This was originally a practice aid route and was initially freed in 1967 by Lloyd Price et al. There are conflicting accounts, but some claim this was the first 5.11 pitch freed in the Valley. Although current guides give it .11b, it was rated .11a in the 1982 guide, and rated .10d by Bridwell in his seminal article "Brave New World" published in Mountain #31 in 1973. Either way, it was an early example of freeing old aid lines and was at the outer edge of difficulty when it was freed. I've seen this route shut down more than one "5.12" sport climbers.

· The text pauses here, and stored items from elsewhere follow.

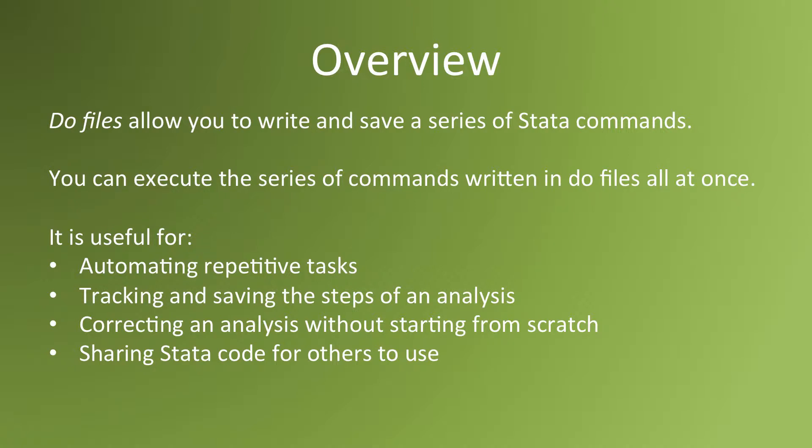Finally, DoFiles are great because it's easy to share code with others. It makes collaboration easier. It makes it easier for other people to look at your work.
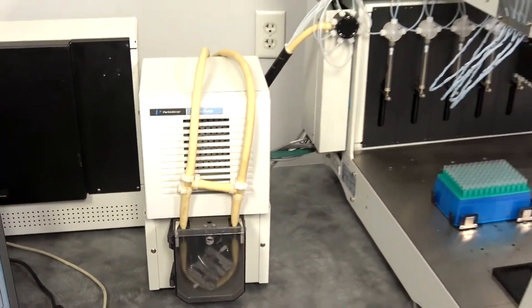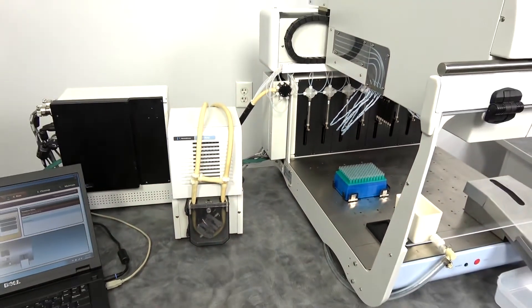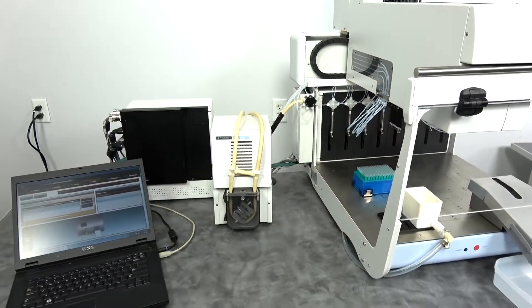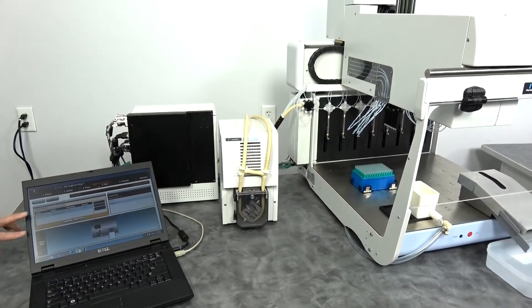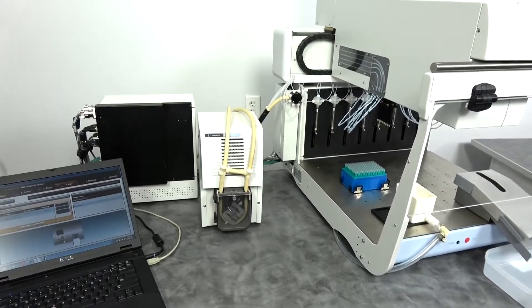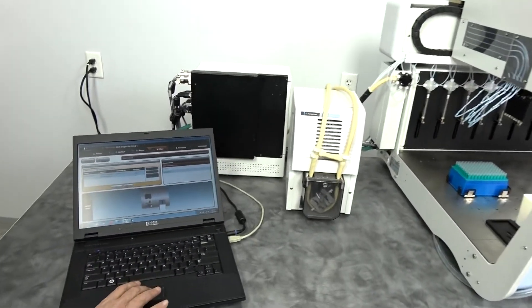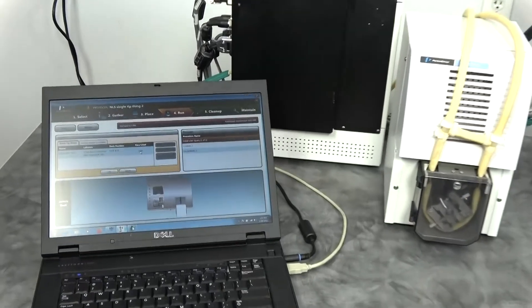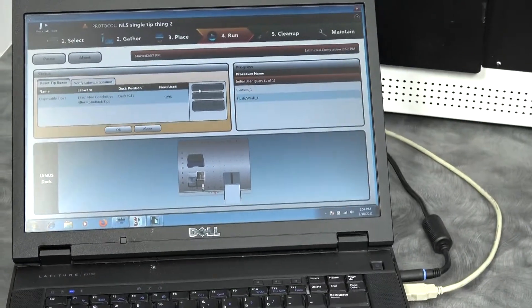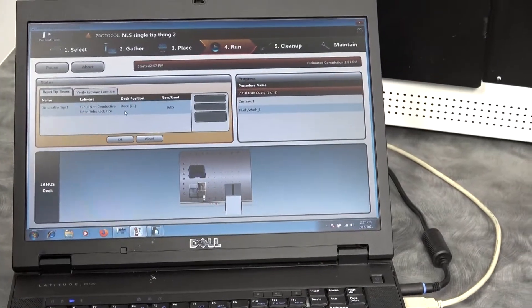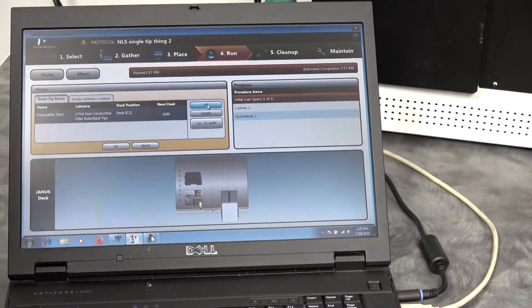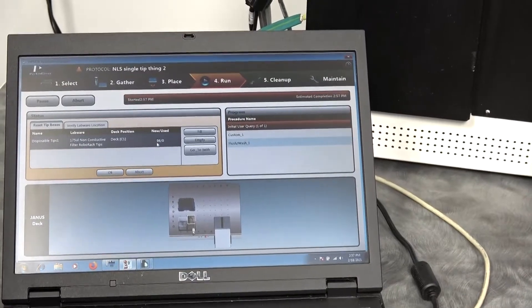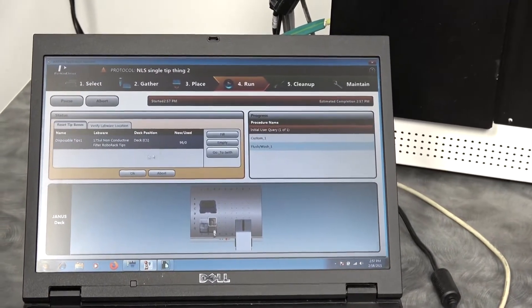It comes up into a submenu telling you that it needs tips or that you need to verify the tips. In this case, it shows there were no tips remaining in the last run. We're going to tell it to fill. Now it has 96 tips available.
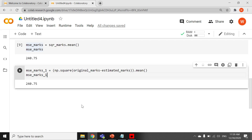Today we have learned how to calculate mean squared error using NumPy. Thanks for watching the video. Please like, subscribe, and click on the bell icon for more videos. Thank you.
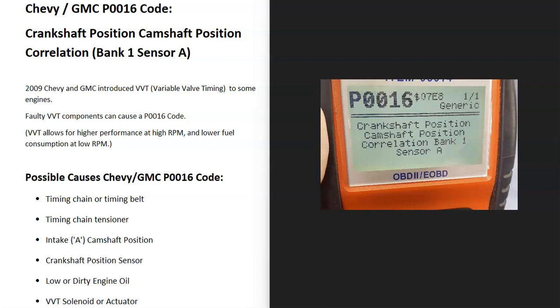Today I'm talking about a Chevy or GMC P0016 code — what it is and how you go about fixing it. A P0016 code is a crankshaft position, camshaft position, correlation, bank one, sensor A.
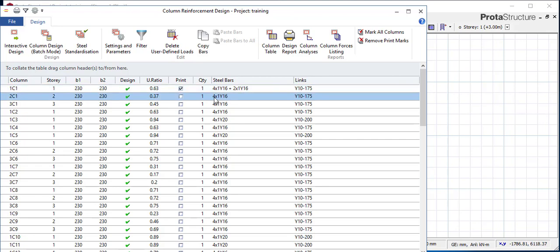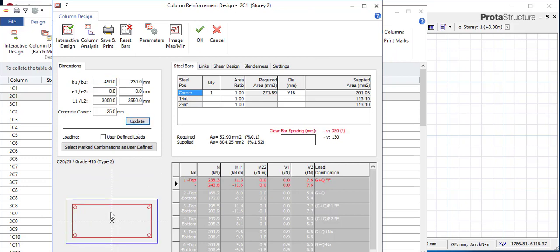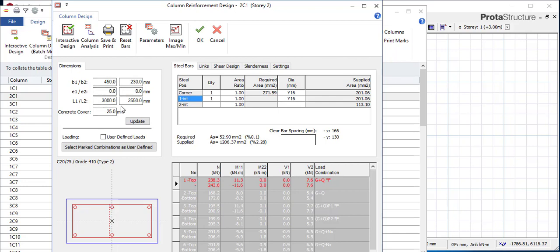Also, if you want to increase the size of the concrete column — let's say you want to increase it to 450 — if you just type it and click OK it won't work. You need to come to Update and click on Update; then the change takes effect. This part is where you change your reinforcements, and the other part is where you change your column size.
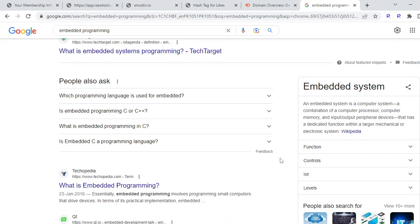an embedded system would be just a simple 8-pin microcontroller. It could be 14-pin, 20-pin, 40-pin, or up to 64 pins and more.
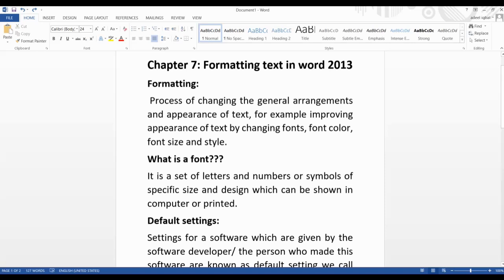Assalamu alaikum, hello everyone. Today we are going to start with chapter number seven. The name of the chapter is 'Formatting Text in Word 2013'. We have already done some work with Word 2013 in chapter number six, and now we are going to take one step forward with formatting text in Word 2013.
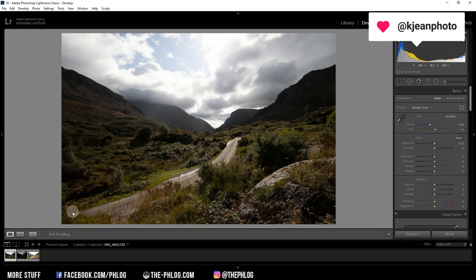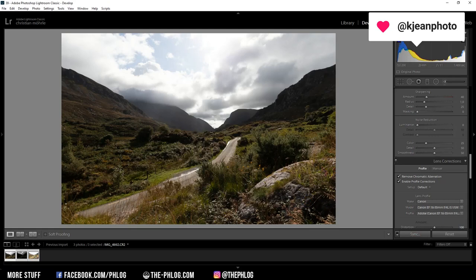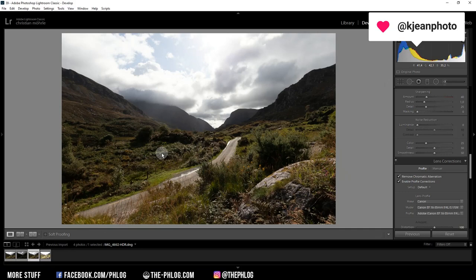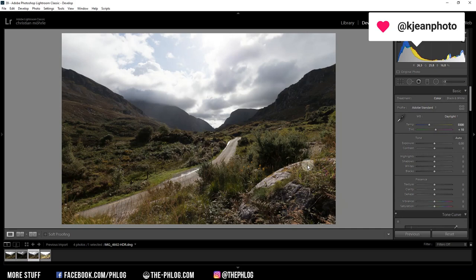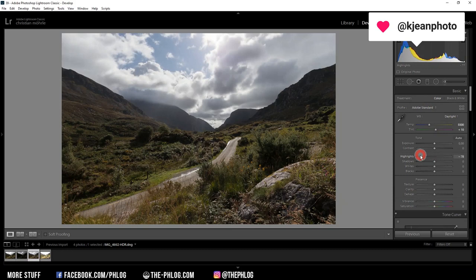Here we have an HDR image which I'll edit in Lightroom for the basic raw adjustments. Before merging, let me check the lens corrections and apply those on all three bracketed shots. Then let's merge the HDR by selecting the three shots and going to Photo Merge > HDR. Once the preview has loaded, hit the merge button. Now let's start working on this awesome landscape image — changing the profile to Adobe Standard, adjusting the white balance to Daylight for a nice neutral color tone, and fixing the overexposure by dropping the highlights. I don't need to adjust shadows since there aren't any underexposed areas. Let's increase the clarity, add some vibrance and saturation.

The business starts right away with a fingery crux on shallow boxy pins scars to a long reach to gain a small flake, then a jug out right. This initial section is bolt protected. Once through the crux, the easy pin-scarred, right trending crack continues to a bolt anchor/rap station at half height. Above this, the second pitch is fingers in pin scars with the occasional hand jam. A short .10a crux reaching between pin scars is encountered near the top. The climb can be done in a single pitch with a 60m (barely).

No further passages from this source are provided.